Tuesday, 25 November 2025

Possible breakthrough in GBM therapy

Is this the breakthrough in treatment of glioblastoma that has been evading us now for decades?

Despite very good and well-justified efforts to challenge, for example, 3-D cultures of patient-derived tumor stem cells with the battalion of approved drugs used in cancer therapy nothing has worked.  The debate has raged.. Is it the failure to reach the tumor? Is it inflammation, despite the BBB leakiness that follows? Is it the dendritic and diffuse nature of the disease? Or, and so on?

Here then is something completely novel: a combinatorial approach based on two small molecule drugs: an anti-epileptic, bumetanide, and an anti-helminthic, mebendazole, that shows real promise in killing glioblastoma (GBM) cells.  The work led by Yehezkel Ben-Ari of Brain Tech, INSERM and start-up Ba-oncomedical (both of Grenoble, F) showed significant reduction in cell hyperactivity and increased cell death with the combination therapy against cell cultures and animal models than that achieved by single agent or DMSO control. 

Amongst the investigations performed, DRAQ7 was used in parallel with caspase-3 detection to monitor apoptotic cell death in 3-D co-cultures of neural cells and GBM tumor-derived cells - by flow cytometry, following tumoroid digestion.

The authors' assert that the combination of a NKCC1 inhibitor (e.g. bumetanide) and a microtubule disruptor (e.g. mebendazole) requires further clinical exploration.

At the very least this research suggests that we need to look much wider in our search for a GBM treatment that gives a useful increase in patient survival.
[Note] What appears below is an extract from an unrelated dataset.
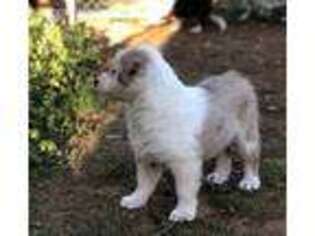 Miniature Australian Shepherd Puppy for sale in Rancho Santa Fe, CA, USA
That will entail bold investments in industrial scale biology, AI/ML interrogation and a deeper understanding of the GBM tumor milieu to identify lethal susceptibilities similar to that described in the current work.

Reference:
Bourgeois et al. Dual Targeting of Brain Tumors and Their Environment by Bumetanide and Mebendazole. Cancer Research Journal 2025, Vol. 13, No. 3, pp. 98-112.